Premesso che lungi dall’essere razzista, mi ritengo persona sensibile a fenomeni e disagi socio-economici contemporanei, e devo ammettere che istintivamente mi sentirei più propenso a priorizzare le empatie e le attenzioni monetarie di una società moderna in direzione di chi in Africa ci vive. 

Se non altro l’africano, numeri alla mano e volendo generalizzare, versa in condizioni socioeconomiche di gran lunga meno fortunate dei suoi lontani parenti che vivono in Nord America o in Europa, anche se le sue esigenze ed i suoi problemi (cose come stragi, guerre, stupri, morte e denutrizione infantile) in questo momento – e per motivi strettamente politici – non calcano il palcoscenico dell’attenzione mondiale. 

All’idea di possibili indennizzi verso i discendenti delle vittime della schiavitù tassando i pronipoti dei responsabili delle sofferenze dei loro avi, da buon siciliano, il mio primo pensiero contempla visioni di realtà milionarie per me e per i miei conterranei. Altro che ponte sullo stretto.

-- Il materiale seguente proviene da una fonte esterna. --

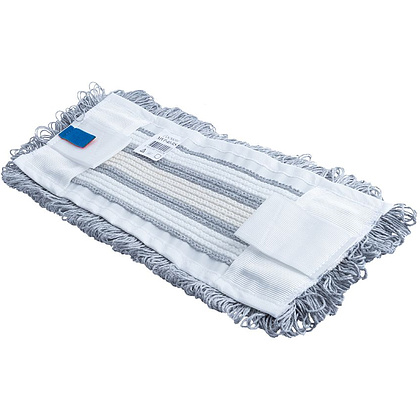 Насадка для плоской швабры комбинированная тафтинговая  - 2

Basti considerare il numero di “conquistadores” che hanno calcato il suolo della Trinacria, sfruttandone – spesso senza scrupoli – risorse naturali ed umane. I discendenti di Barbari, Ostrogoti, Bizantini, Arabi, Normanni, Angioini, Aragonesi, Spagnoli, Austriaci etc. 

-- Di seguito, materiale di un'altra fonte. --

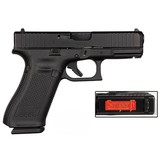 GLOCK G45 GEN 5 9MM LUGER (9x19 PARA) - 1 of 1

E mi fermo qui, perché l’abuso culinario del dominatore di turno ha poi finito per produrre esiti come la cassata di ricotta, difficile da annoverare sotto la voce “prepotenze e torture”.

Nel continuo attacco all’uomo bianco, i neoprogressisti sembrano dimenticare con preoccupante puntualità che la fine della schiavitù negli Stati Uniti a metà del diciannovesimo secolo fu proprio a mano dell’uomo bianco. Chi sollevò le armi contro i suoi fratelli per mettere fine (tra le altre cose) alla barbarie? 

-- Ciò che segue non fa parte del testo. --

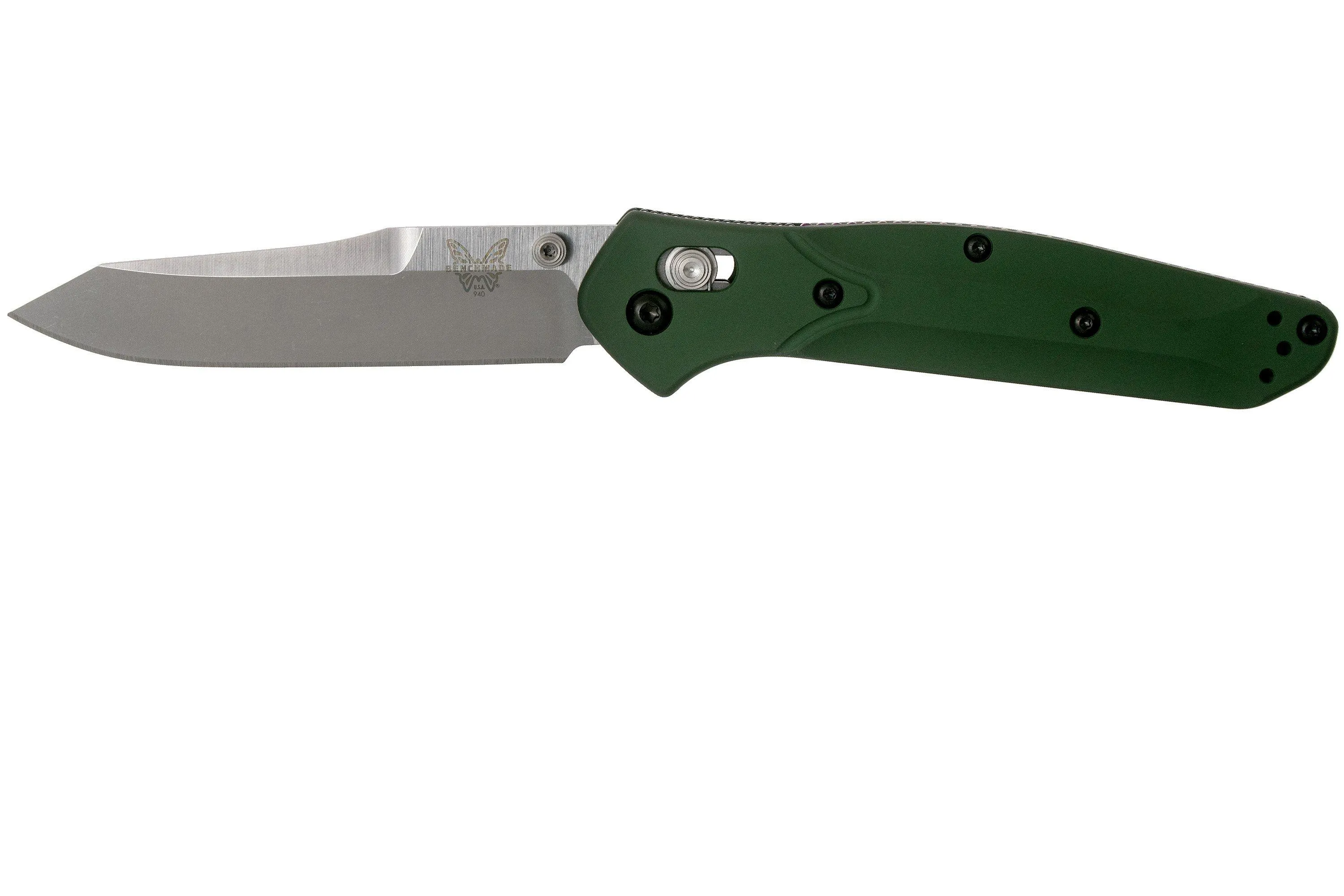 Benchmade 940 Osborne navaja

I caduti tra le fila dell’Unione al cospetto di Abramo Lincoln, primo presidente repubblicano della storia che decretò così la liberazione degli schiavi nel 1863, non sono forse sufficienti a contribuire col loro tributo di sangue, all’estinzione del debito, ammesso che il considerare l’esistenza di tale assurdità sia razionale? Vogliamo tassare anche i loro discendenti o l’ONU nella sua lungimiranza ha previsto l’eccezione?

Ritengo che nulla cristallizzi in maniera così calzante il concetto di puro razzismo come contemplare che il bimbo bianco, al momento della sua nascita sia vincolato ad una serie di debiti nei confronti del suo simile a pigmentazione più scura che ancora neanche conosce. 

Insomma che una volta cresciuto ed inserito nell’ingranaggio produttivo debba donare una porzione dei suoi risparmi all’ignaro coetaneo, con tanto di cappello in mano e scuse per quello che c’è stato tra i loro avi. 

Ancora una volta Il cosiddetto movimento neoprogressista colpisce in nome di un progresso i cui benefici per la società risultano appannati, impregnati come sono dalle scorie della loro somiglianza con i metodi delle tirannie di stampo socialista. 

E prese di posizione come questa, a cavallo tra offesa al buonsenso, umorismo nero (no pun intended) e completa miopia sui principi basici che promuovono la pace, finiscono così coll’esporre ancora una volta, la grande, ipocrita, arroganza.